*About this task*. The result should be a word-for-word retyping of the entries below, free of pictures.

Stored data entries:
··········

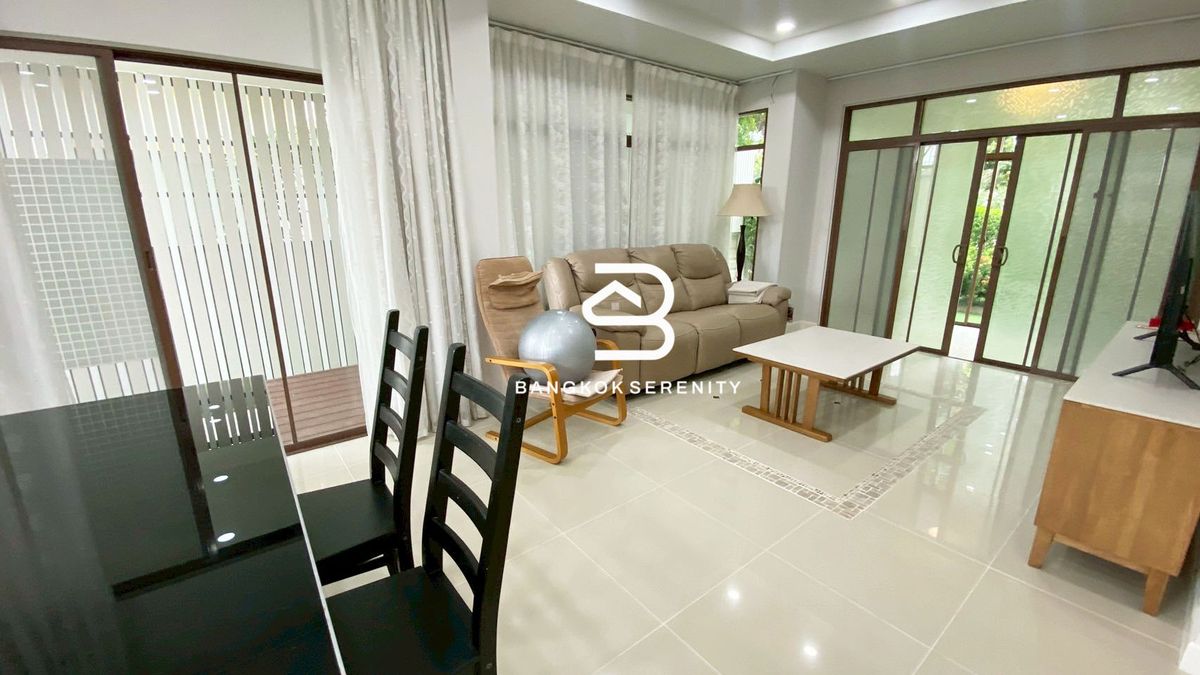 ให้เช่าบ้านบางนา แบริ่ง ลาซาล : Pet friendly House for rent at Setthasiri Bangna Km.7 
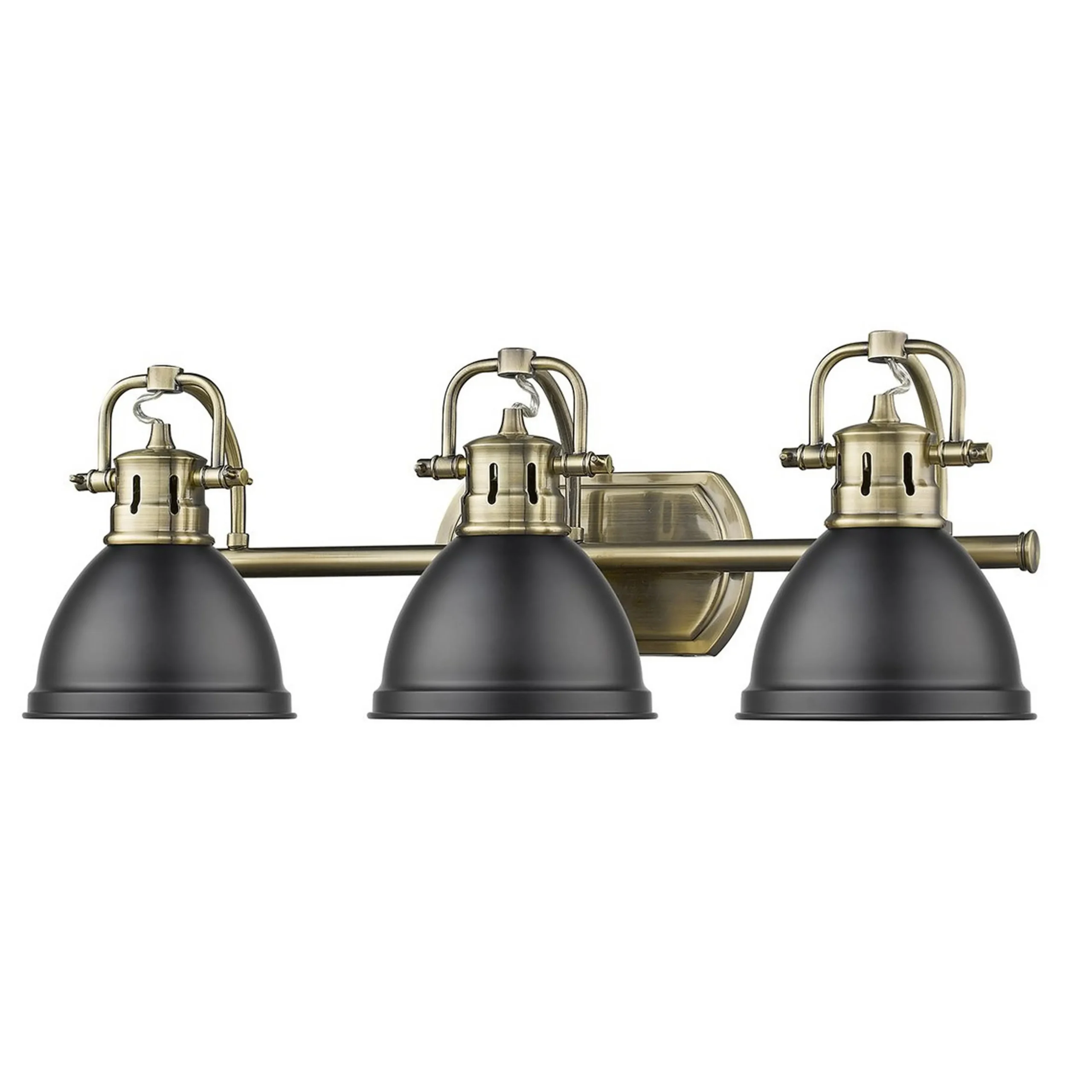 Classic Dome Shade Vanity Light - 3 Light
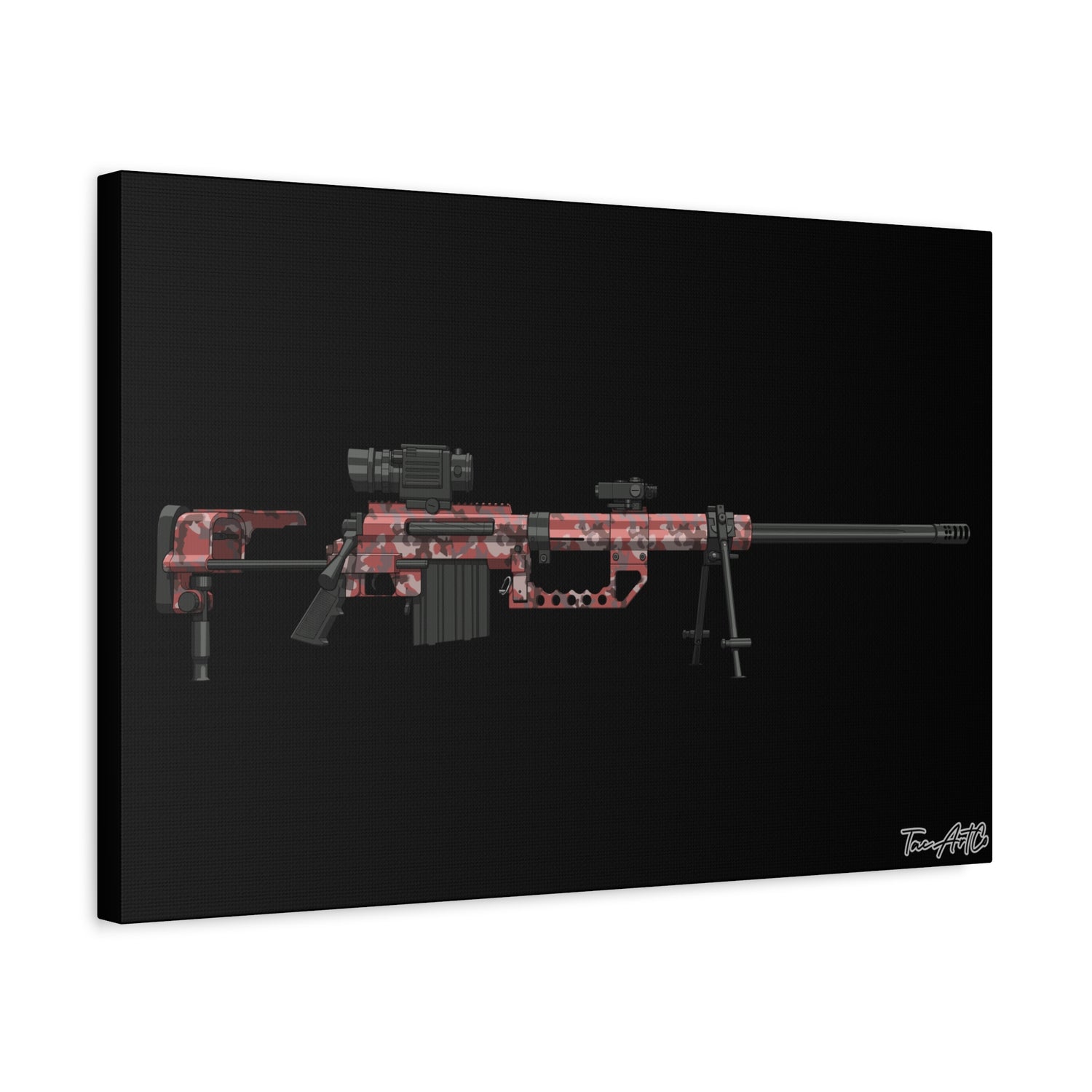M200 Intervention COD Classic – Canvas Print (Black Background)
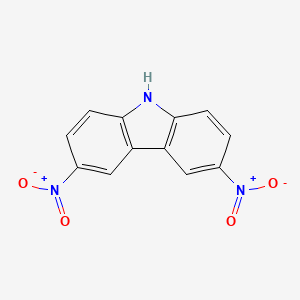 molecular formula C12H7N3O4 B1581916 3,6-二硝基-9H-咔唑 CAS No. 3244-54-0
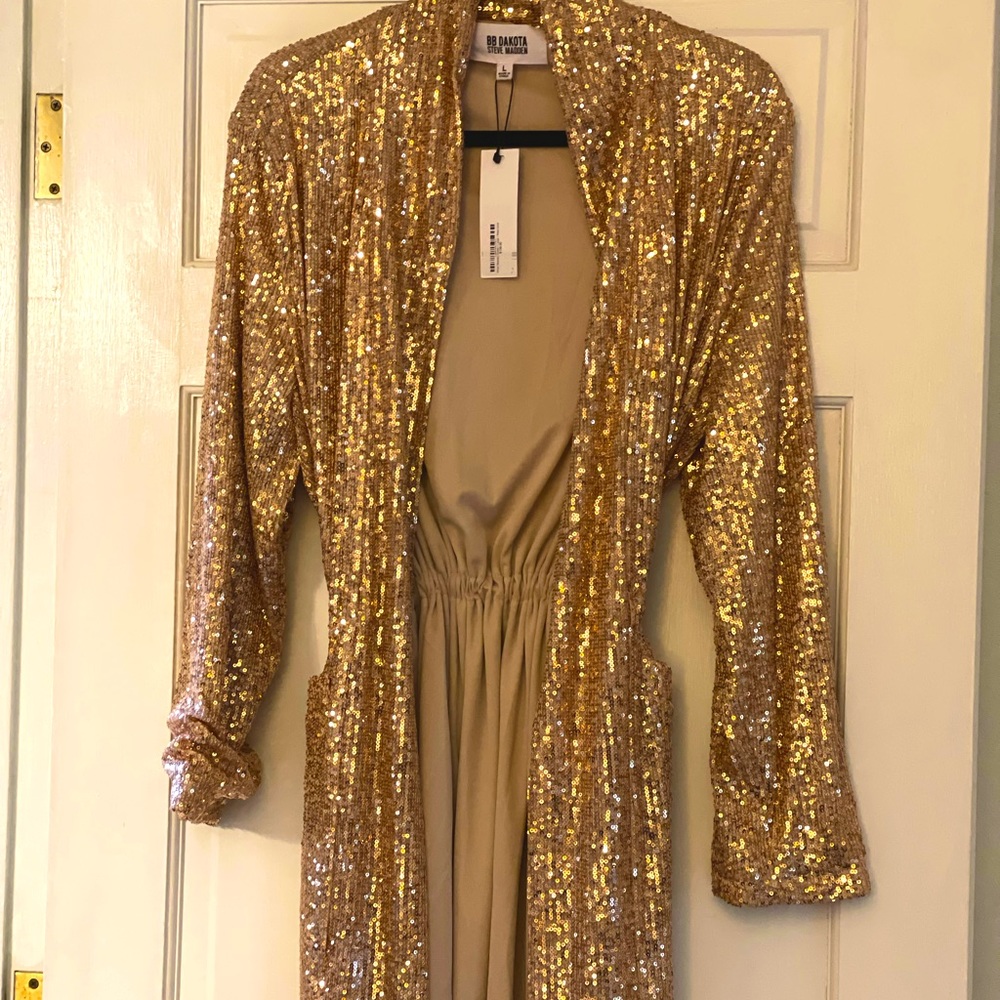 BB Dakota Sequin Duster NWT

··········

*Solution below*.
 ให้เช่าบ้านบางนา แบริ่ง ลาซาล : Pet friendly House for rent at Setthasiri Bangna Km.7 
 Classic Dome Shade Vanity Light - 3 Light
M200 Intervention COD Classic – Canvas Print (Black Background)
 molecular formula C12H7N3O4 B1581916 3,6-二硝基-9H-咔唑 CAS No. 3244-54-0
 BB Dakota Sequin Duster NWT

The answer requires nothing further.